Ms. Maria and Mr Singh: This used to be Gaggan Anand’s steakhouse, Meatlicious, but it is now the only Mexican-Indian restaurant I have ever eaten at. Chef Gabriela is Mexican while her partner is Indian so I guess the combination makes sense. The food is inspired and fun — a Mexican take on golgappas, for instance. But it is also very good and the straight Indian food (cooked by members of Gaggan’s team) is outstanding.

 

Yu Ting Yuan: The Four Seasons is Bangkok’s newest, most beautiful and chicest luxury hotel. This is its Chinese restaurant which already has a Michelin star. Not only is the restaurant visually stunning, the food is excellent. I liked the Peking Duck, the ma po dofu, the crispy pork and the spicy aubergine. There aren’t many good upmarket Chinese restaurants in Bangkok so this one stands head and shoulders above the rest.

 

Guilty: This was about to open when I was there but I ate at a preview the night before the formal opening. They are calling it a Peruvian restaurant, but it is really only partly a celebration of the Japanese-influenced cuisine of Peru (where there is a substantial Japanese community) with lots of dishes from the rest of South and Central America thrown in.

 

   The chef is Carlos Rodriguez, a Venezuelan, who I know from his stint at Gaggan’s Meatlicious and at the main Gaggan restaurant.
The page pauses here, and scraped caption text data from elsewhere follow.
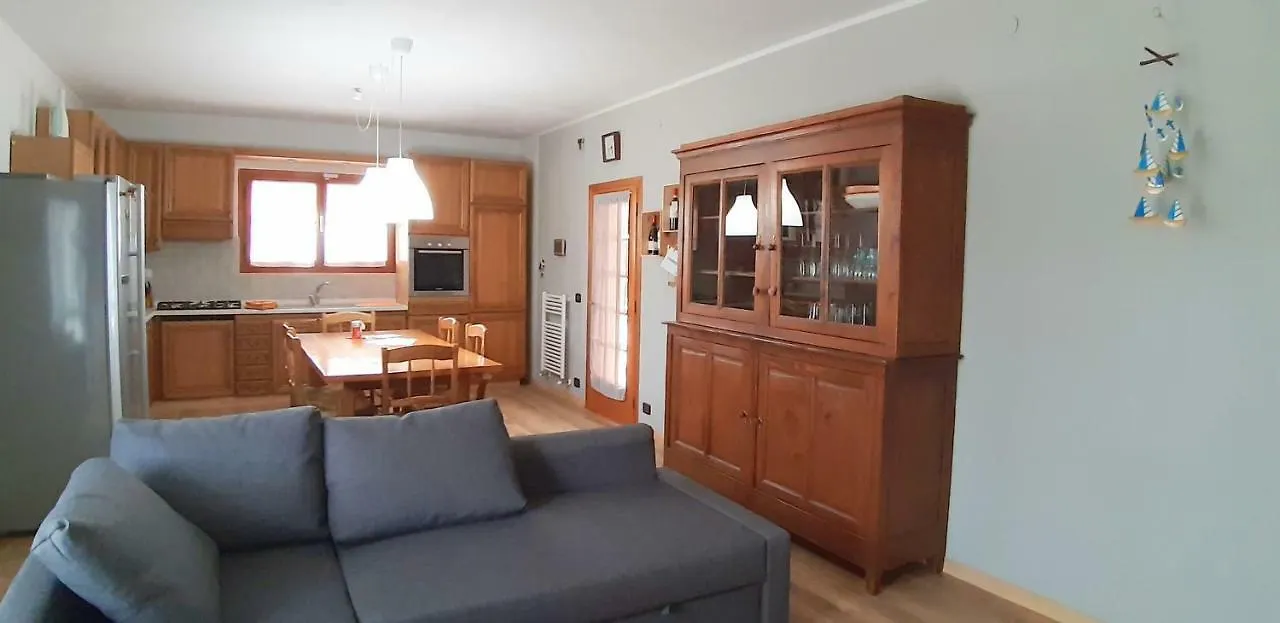 Giuly House Apartment Vada 0*,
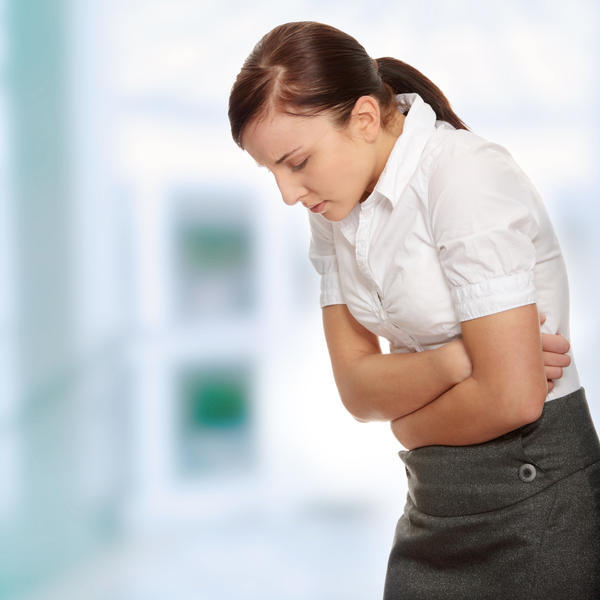 Đau bụng và đau vùng đáy chậu, nhất là khi vận động là những triệu chứng điển hình của sỏi bàng quang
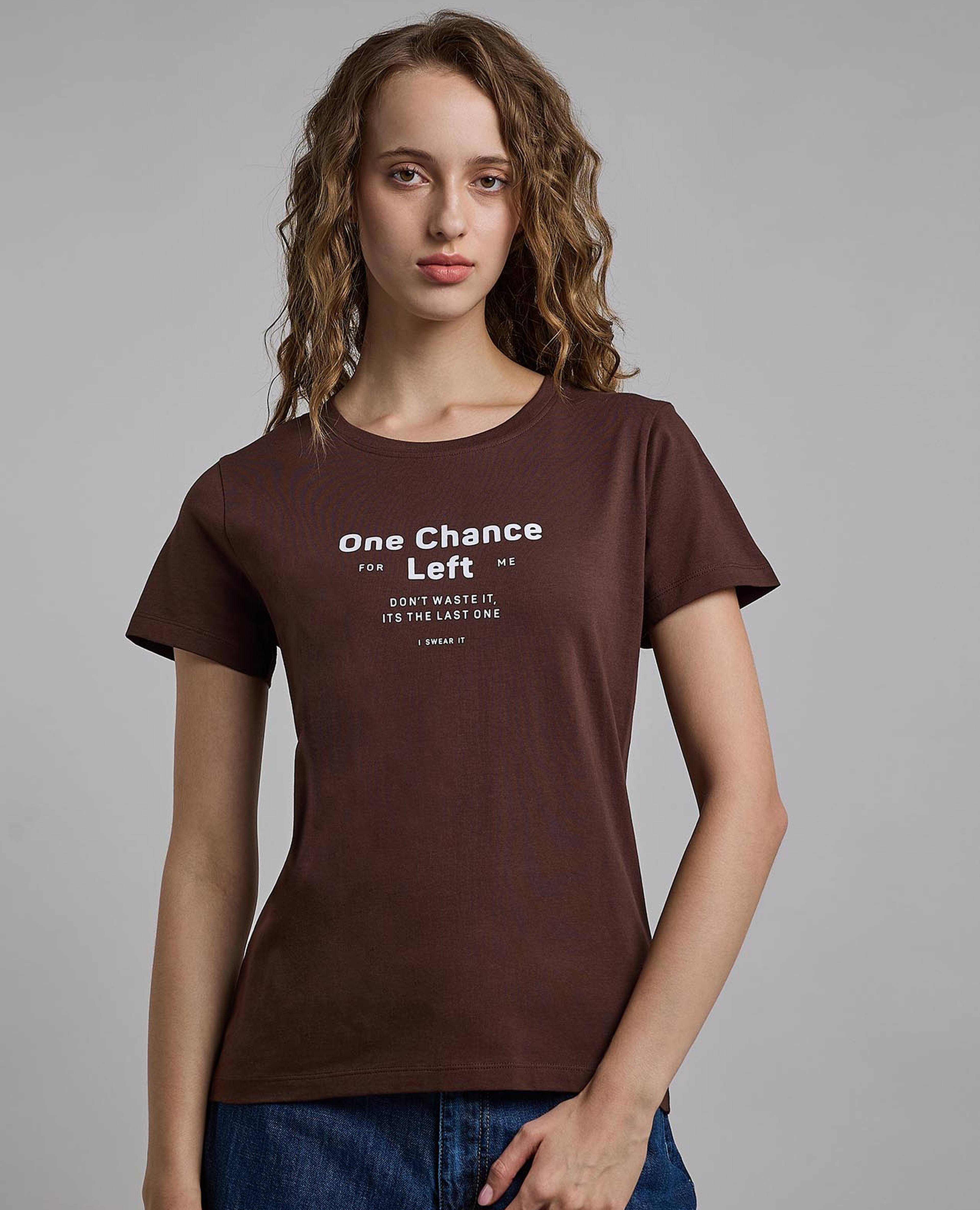 تيشيرت مطبوع بياقة دائرية وأكمام قصيرة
As you would expect, given his pedigree, the food is delicious and the restaurant is a lot of fun with a happy vibe.

 

Hinata: There are many famous and/or Michelin starred Japanese restaurants in Bangkok. Hinata is not one of them. But I like it anyway because the sushi is good, the location is central and at lunchtime, sunlight shines into the small dining room.

 

CDGRE: This bustling coffee shop is advertised as a partnership between the Suhring twins and Gaggan Anand. You can tell Gaggan‘s influence in the chicken tikka burger and perhaps in the coffee, but otherwise the menu is Suhring all the way. This means you get food from two of Bangkok’s greatest European chefs at coffee shop prices. Naturally, it was packed at lunchtime when I went. Recommended.